_WHAT IS BEING ASKED:_
Copy each record exactly as it reads, leaving out any pictures it holds.
Segment Open
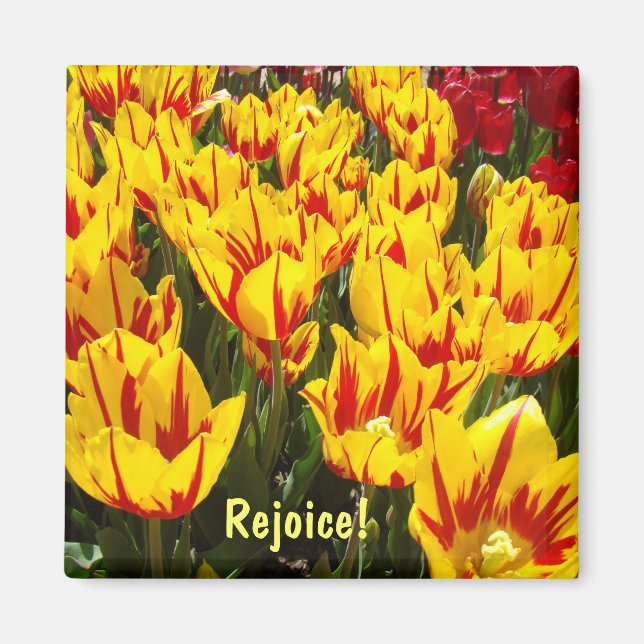 Rejoice magnets Easter Tulips flowers magnet (Front)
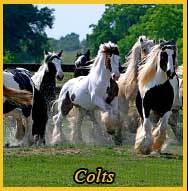 Gypsy Vanner Colts for Sale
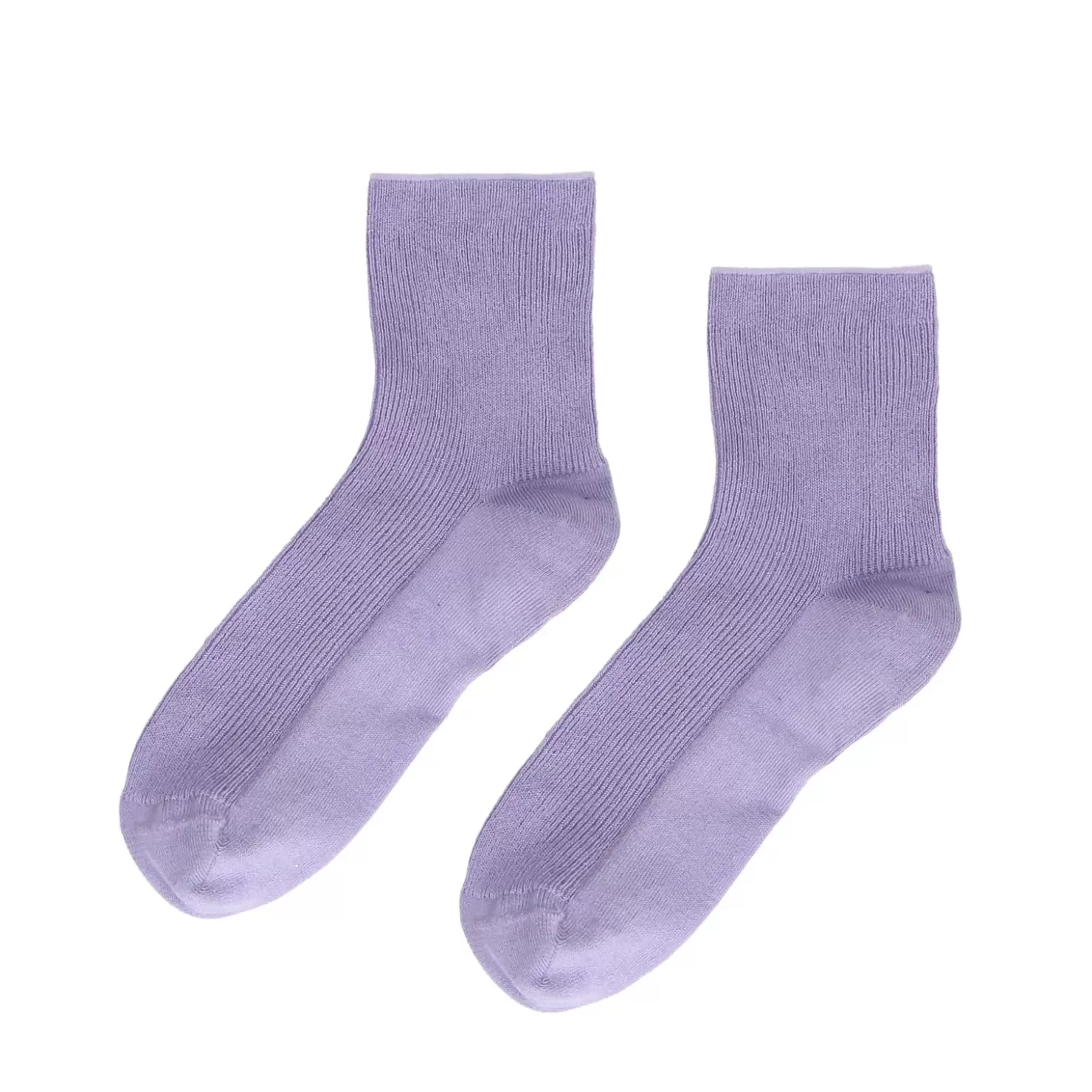 Clearance Socks With Cotele Pattern - Lilac Women Tights And Socks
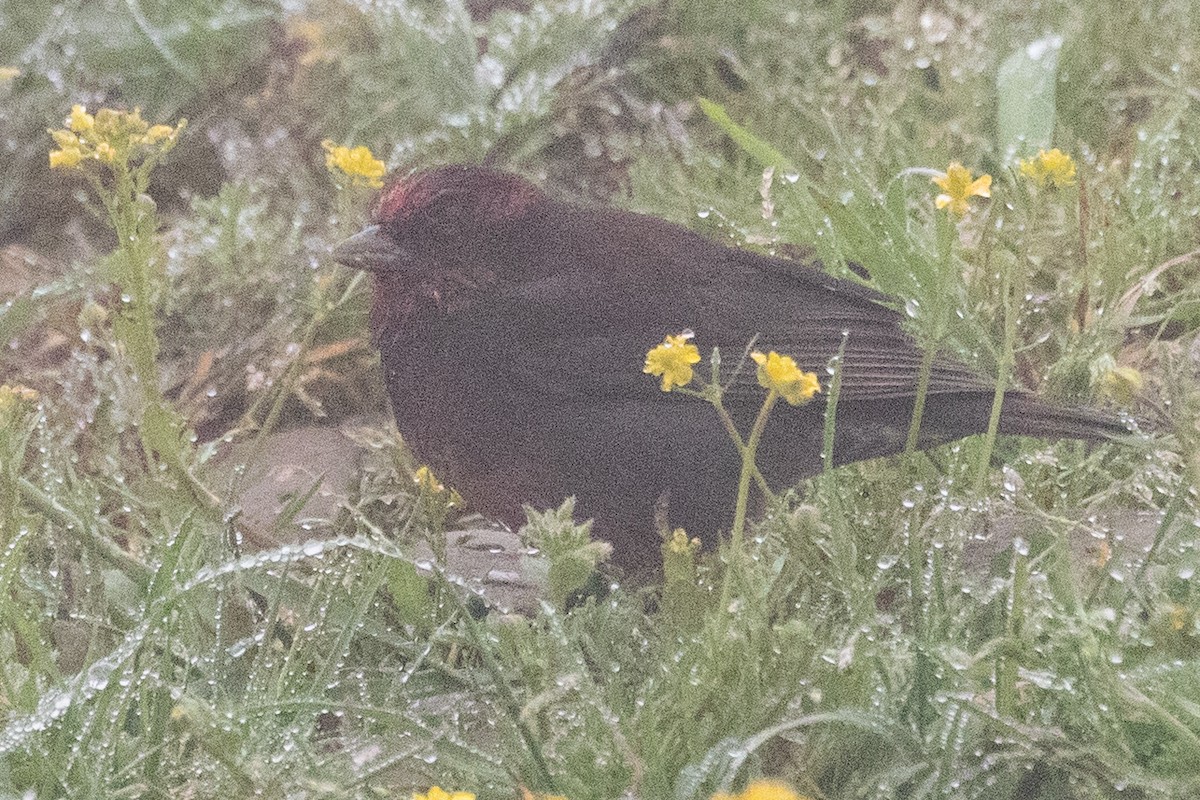 Dark-breasted Rosefinch - Sue Wright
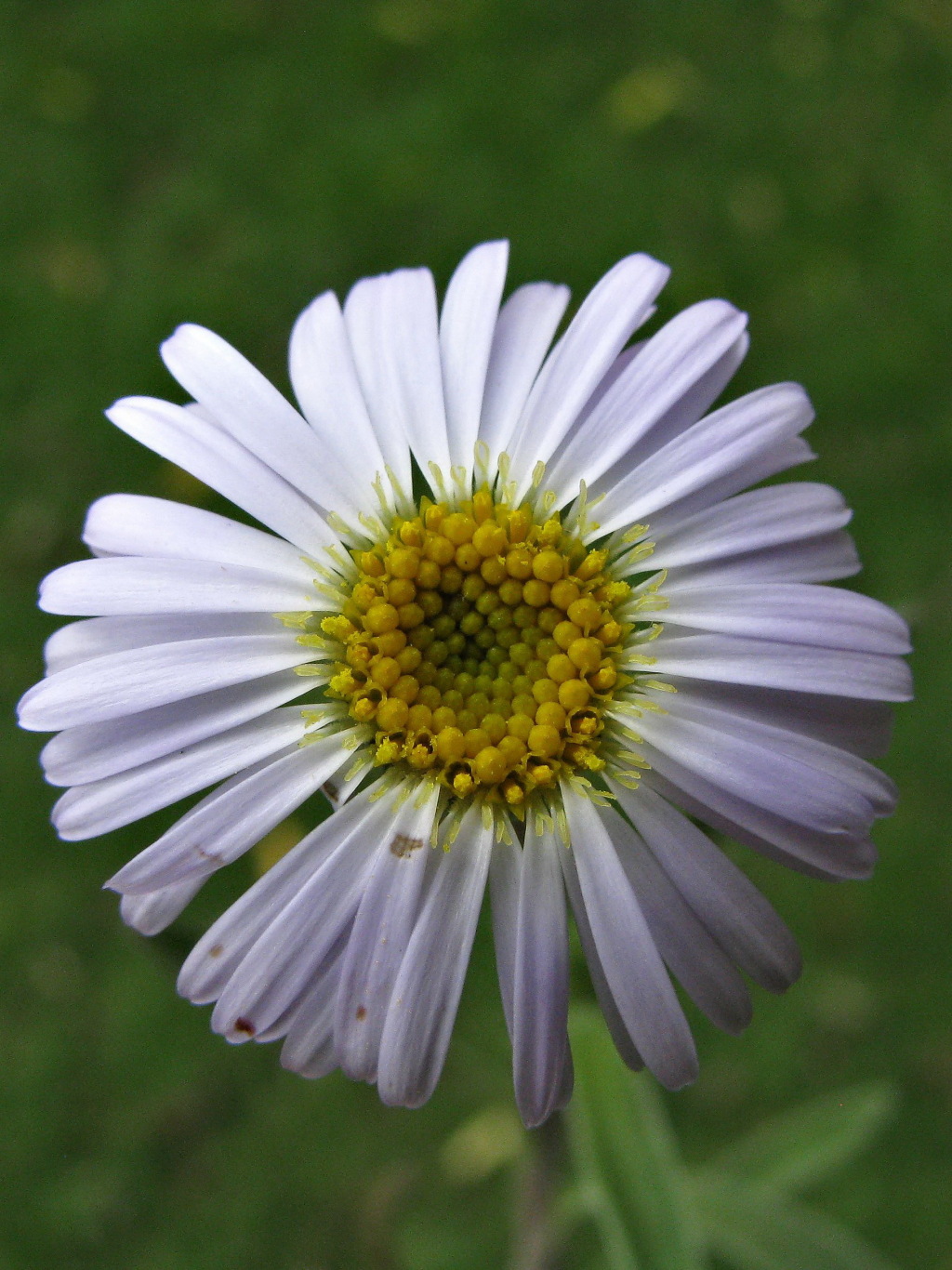 Olearia picridifolia (hero image)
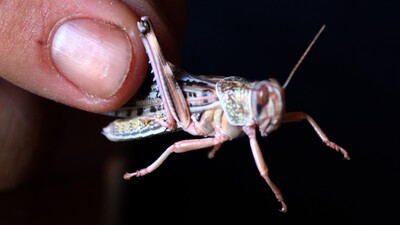 28 ilde eş zamanlı "Çekirge Operasyonu" başlatıldı! 386 şüpheli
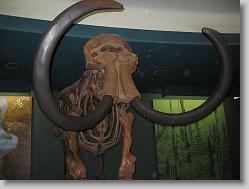 Museum of Natural History, Smithsonian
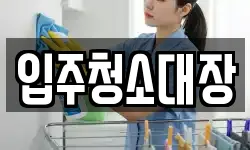 입주청소대장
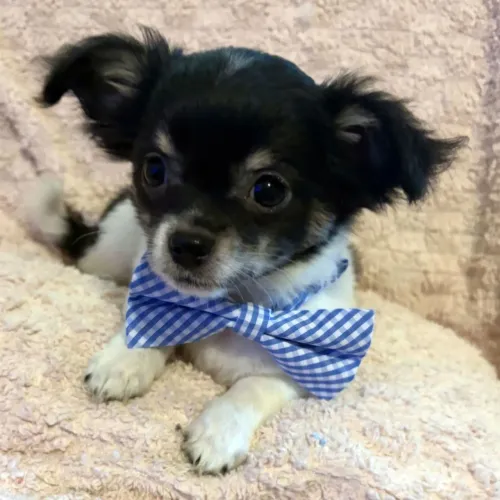 Chihuahua/ Beleza em um só filhote 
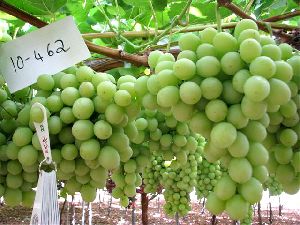 Grapes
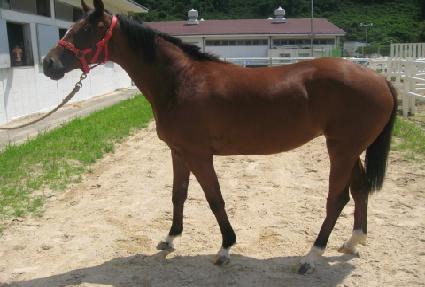 �������� ����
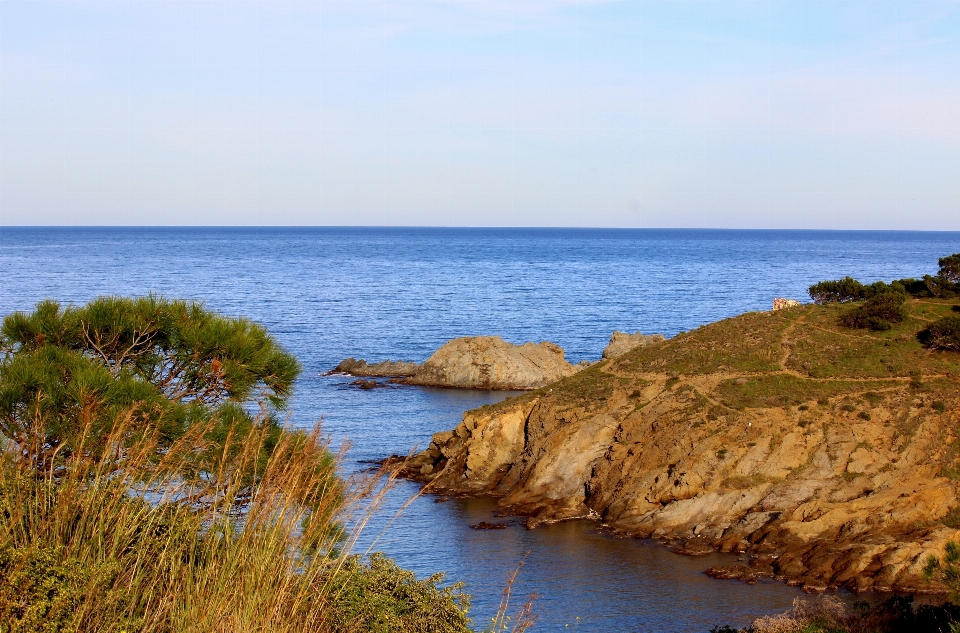 海滩 景观 海 海岸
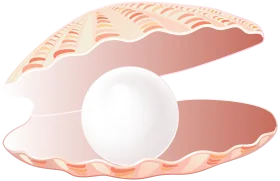 Elegant Peach-Toned Seashell Clipart with Lustrous Pearl Illustration
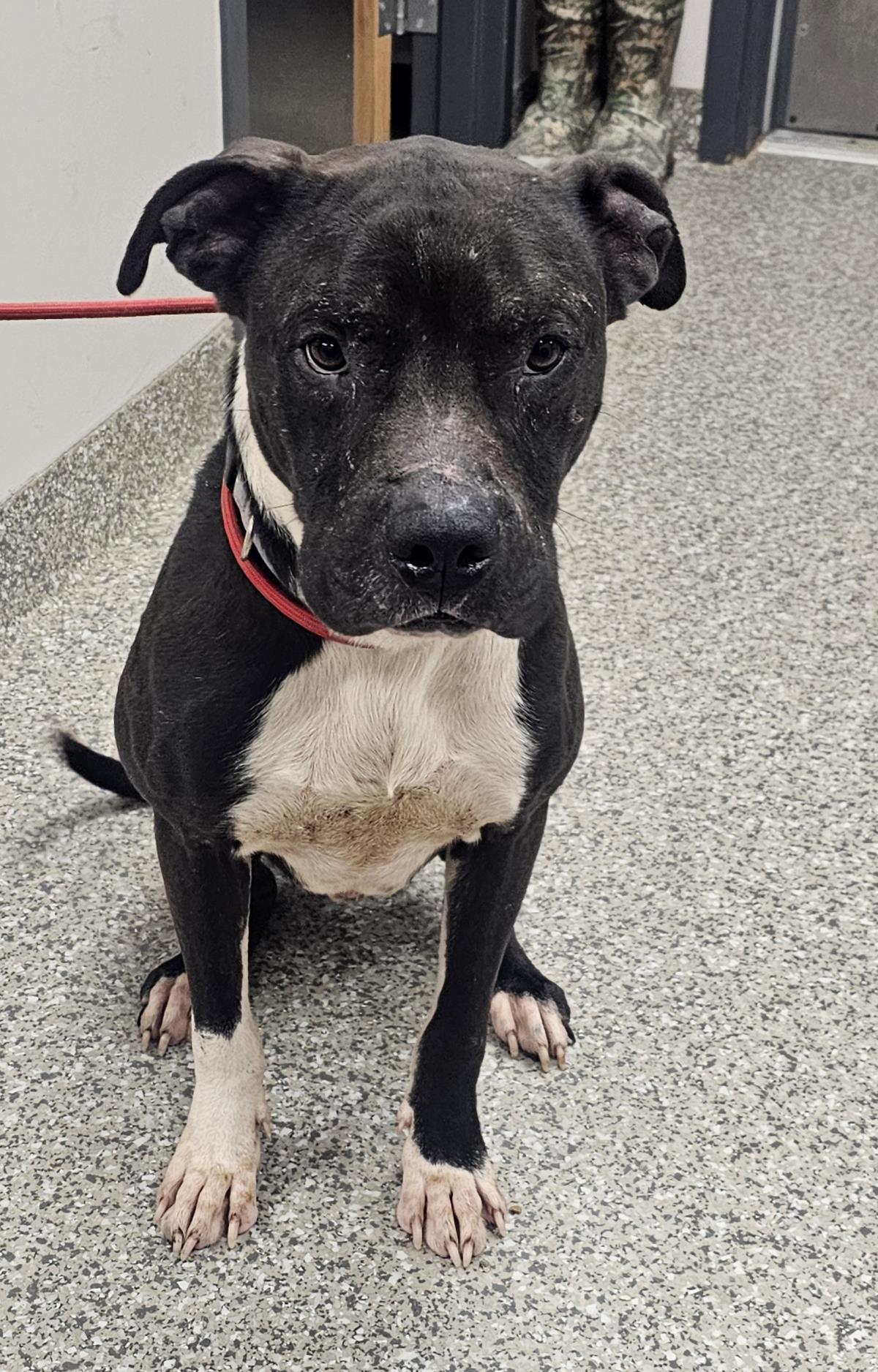 Ernie #A26-10040: Dog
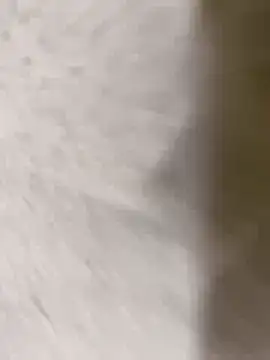 chennai sexyboy online show from 02-08-26, 04:32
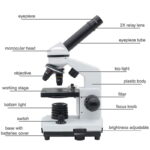 Microscope avec objectif, lampe et accessoires pour l'observation scientifique. Parfait pour la recherche, l'éducation et la collection d'objets scientifiques.
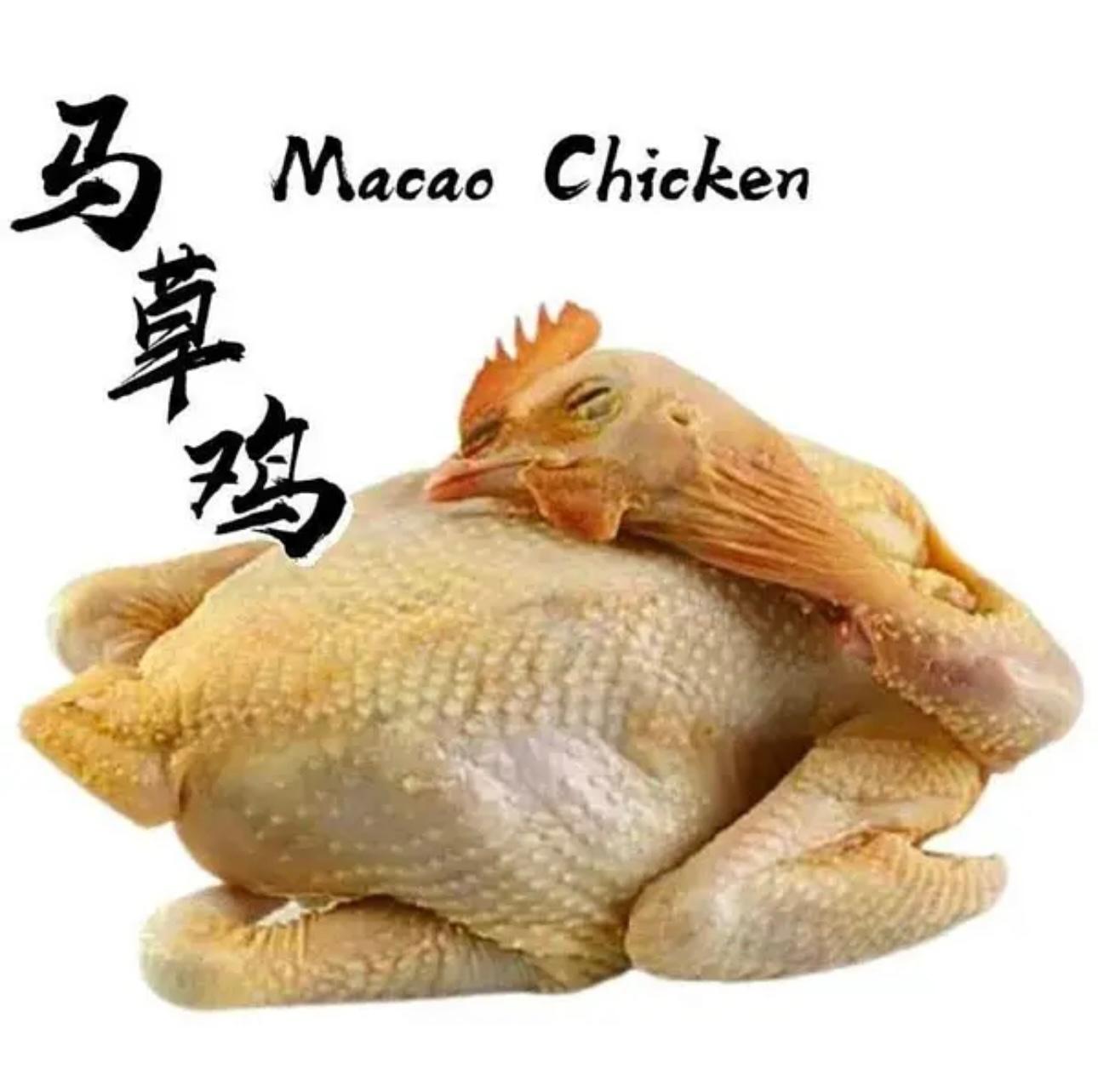马草鸡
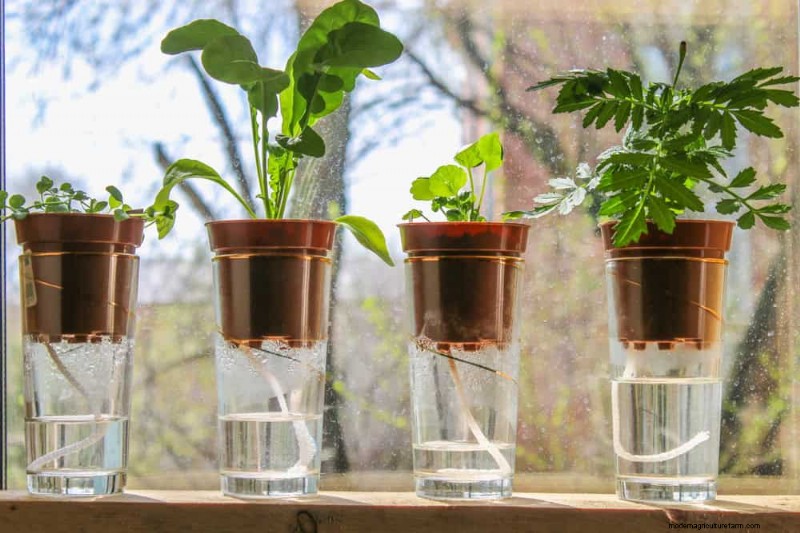 7 Expert‑Backed Solutions to Keep Plants Thriving in Dry Heat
Segment Closed
_WRITTEN ANSWER:_
 Rejoice magnets Easter Tulips flowers magnet (Front)
 Gypsy Vanner Colts for Sale
 Clearance Socks With Cotele Pattern - Lilac Women Tights And Socks
 Dark-breasted Rosefinch - Sue Wright
 Olearia picridifolia (hero image)
 28 ilde eş zamanlı "Çekirge Operasyonu" başlatıldı! 386 şüpheli
 Museum of Natural History, Smithsonian
 입주청소대장
 Chihuahua/ Beleza em um só filhote 
 Grapes
 �������� ����
 海滩 景观 海 海岸
 Elegant Peach-Toned Seashell Clipart with Lustrous Pearl Illustration
 Ernie #A26-10040: Dog
 chennai sexyboy online show from 02-08-26, 04:32
 Microscope avec objectif, lampe et accessoires pour l'observation scientifique. Parfait pour la recherche, l'éducation et la collection d'objets scientifiques.
马草鸡
 7 Expert‑Backed Solutions to Keep Plants Thriving in Dry Heat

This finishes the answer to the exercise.